_What to work on_. The data below should be printed in full, exactly, and without any of its images.

_Data shown_.
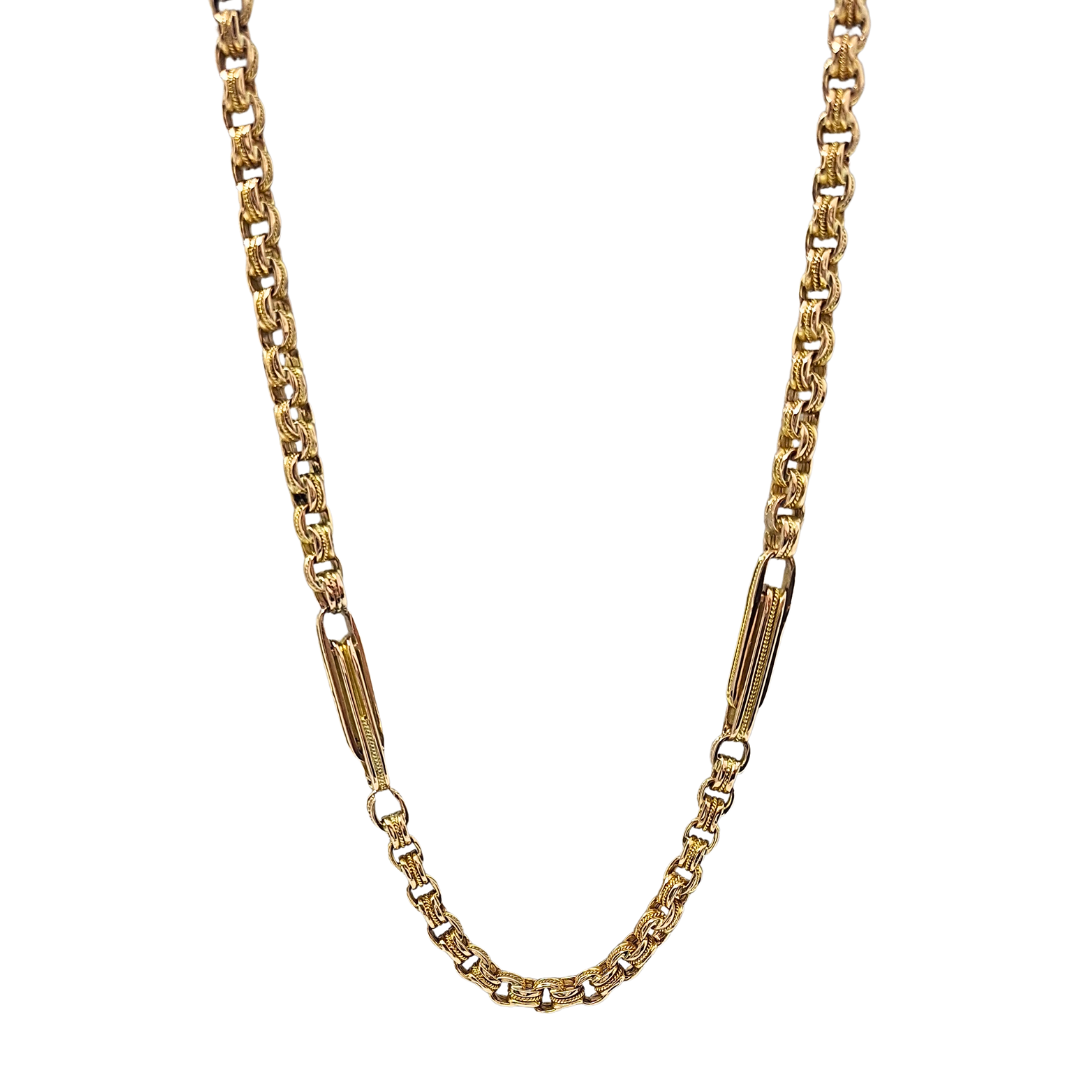 9ct Yellow Gold Belcher and Bar Chain 24"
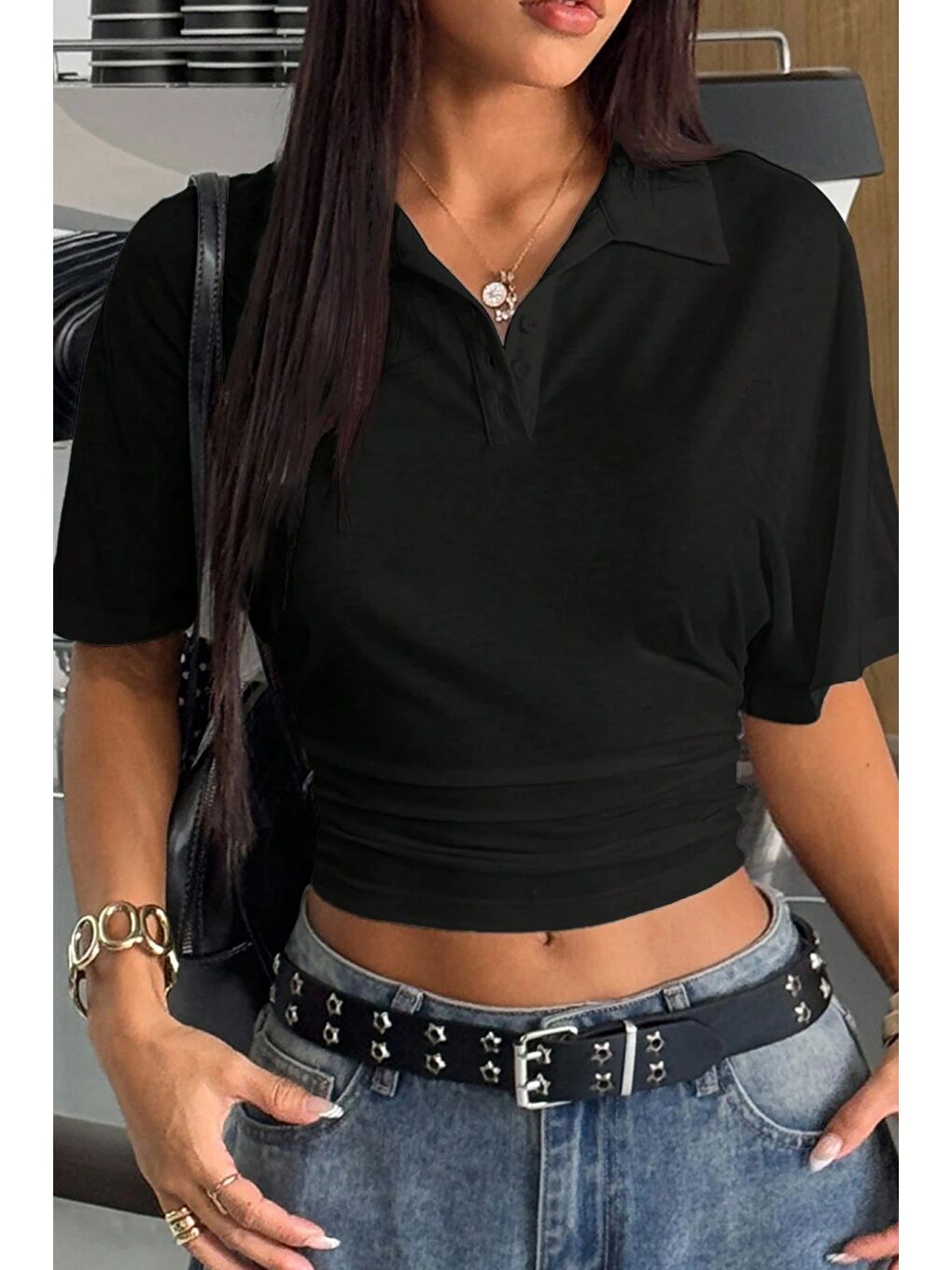 Siyah Kadın Beyaz Crop Belden Oturan Tişört Polo Yaka Modern Tasarım-3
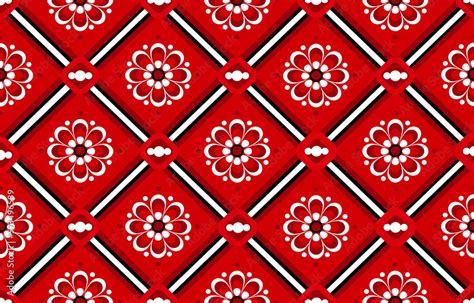 Slavic Floral Ethnic Seamless Pattern With Red Background Traditional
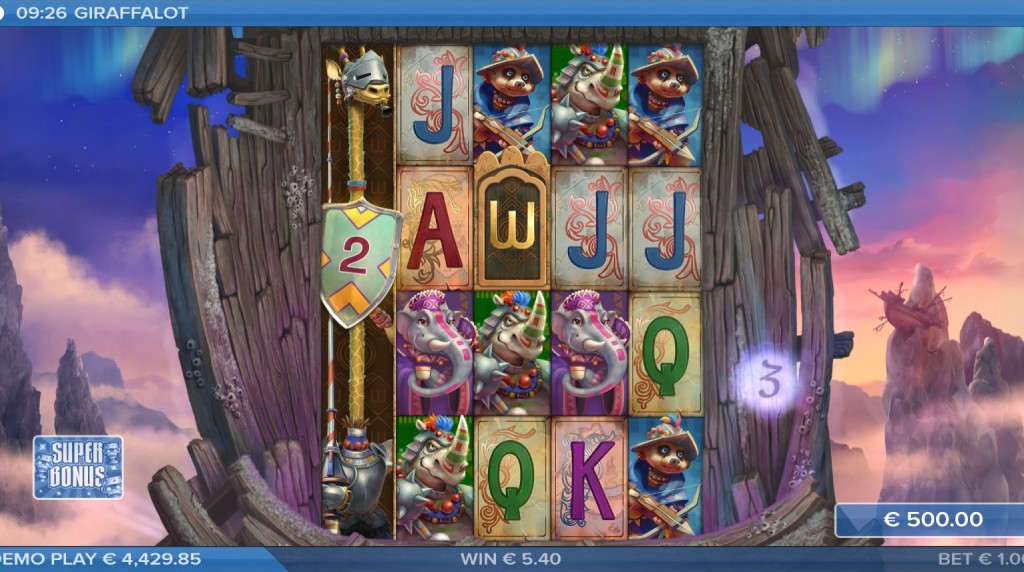 Screenshot from the free spins bonus round of Giraffalot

_Result of the exercise_.
 9ct Yellow Gold Belcher and Bar Chain 24"
 Siyah Kadın Beyaz Crop Belden Oturan Tişört Polo Yaka Modern Tasarım-3
 Slavic Floral Ethnic Seamless Pattern With Red Background Traditional
 Screenshot from the free spins bonus round of Giraffalot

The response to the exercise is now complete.